This weekend, El Jefe and SWMBO took the Heir to summer camp up near Kerrville. Following some begging by the Heir, en route, we stopped in San Antonio to view the Alamo, which the Heir had never seen. When he was 7 years old, the Heir used to tramp around the house and yard in his pseudo-coonskin cap with his toy musket, and watch all those old movies Fess Parker made in the 50’s portraying Davy Crockett. We’ve seen John Wayne die in celluloid at the Alamo countless times, so I suppose an Alamo trip was inevitable at some point.
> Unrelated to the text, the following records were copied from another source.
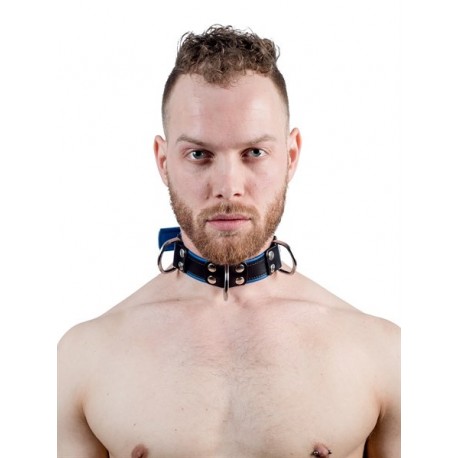 Mister B Slave Collar Blue 4 D Rings collare leather pelle regolabile per restrizioni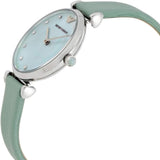 Buy Shop Emporio Armani Gianni T Bar Mother Of Pearl Blue Dial Blue Leather Strap Watch For Women - AR1959 USA Online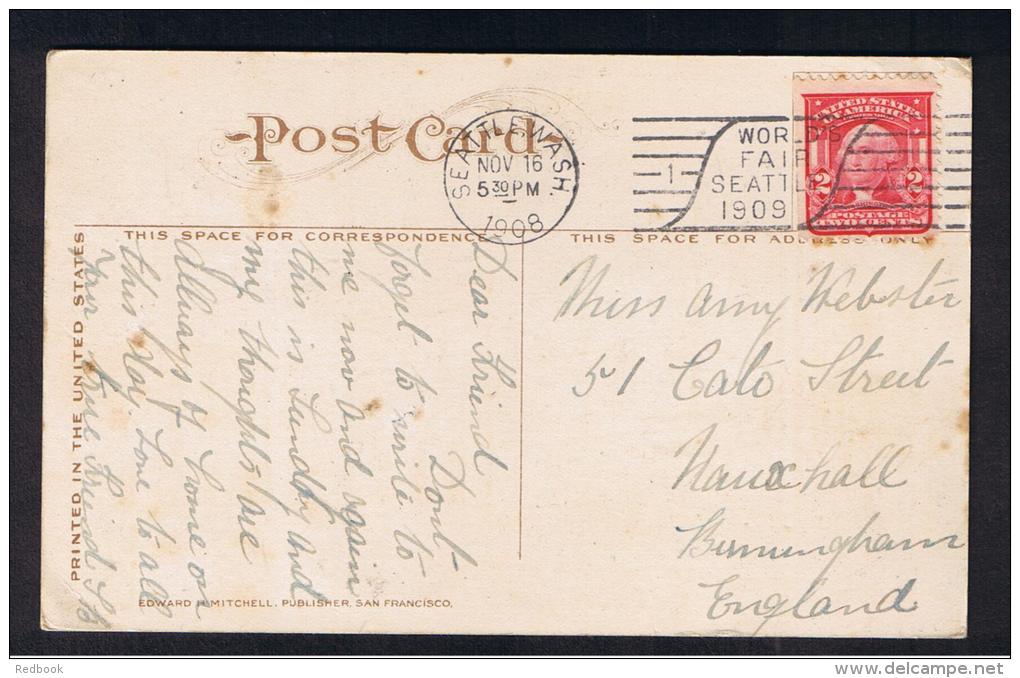 RB 979 - 1908 USA Postcard - High School - Seattle Washington - World Fair Slogan Postmark - 2c Rate To UK - Seattle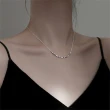 【MoonDy】鎖骨鏈項墜 女生飾品 全純銀項鍊 方塊項鍊 女項鍊 韓國項鍊 名牌項鍊 設計高級感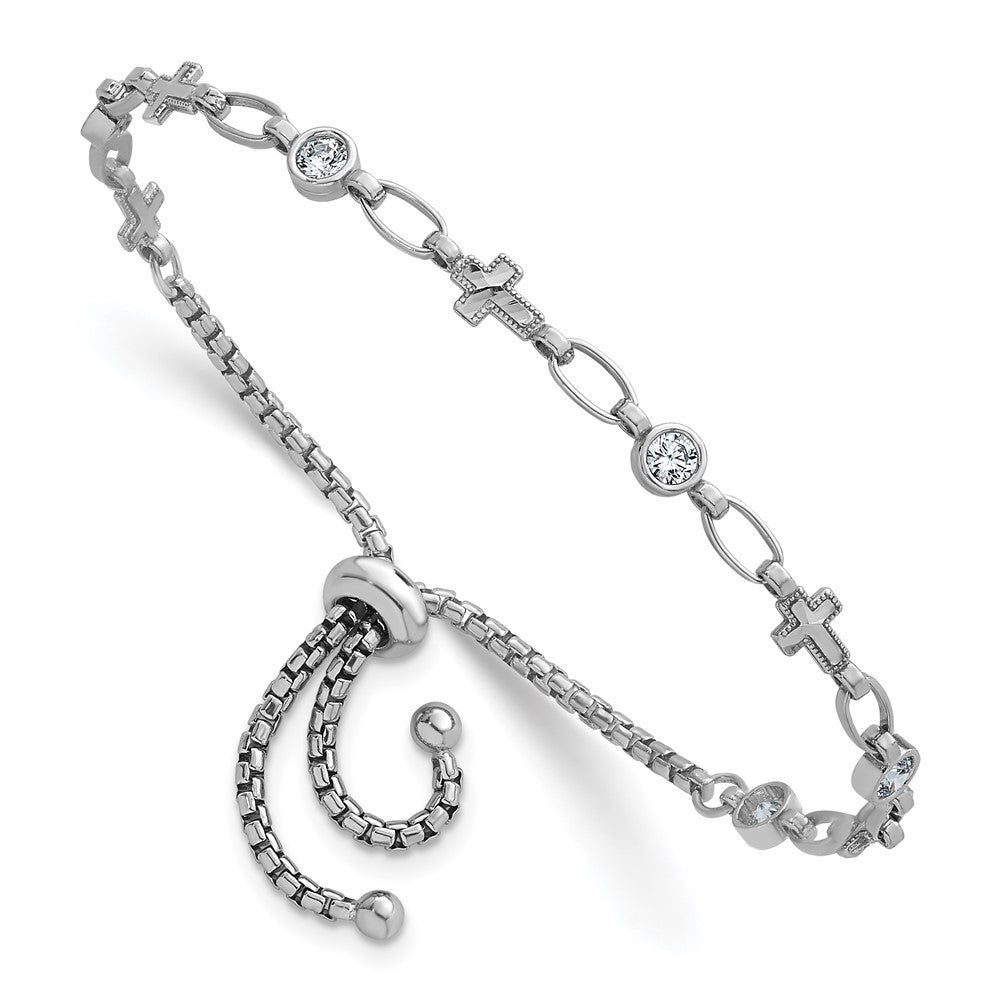 Sterling Silver Rhodium-plated Polished CZ and Cross Bolo Bracelet - Product Photo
The Alamo sits smack-dab in the middle of Downtown San Antonio, on Alamo Plaza, which, as we will discuss momentarily, is more descriptive a name than one might think. Driving in San Antonio can be a reasonably surreal experience to out-of-towners like us, but our handy-dandy Yahoo-generated map guided through the pinball maze of streets safely to the Alamo over streets named Bonham, Bowie and Crockett.
The Alamo is maintained by the Daughters of the Republic of Texas, who do a good job running the place with very little money and thousands of visitors annually to cope with. It's obscene but true that the State of Texas contributes nothing whatever to the Alamo's upkeep. However, “Alamo” is really misleading, because most of the mission/fort defended by Colonel Travis and his brave companions in 1836 is just gone – swallowed by downtown San Antonio. All that’s left of the original mission is the church itself, part of the attached corral, and the quarters for the mission’s friars, known to students of the Battle of the Alamo as the “Long Barracks.”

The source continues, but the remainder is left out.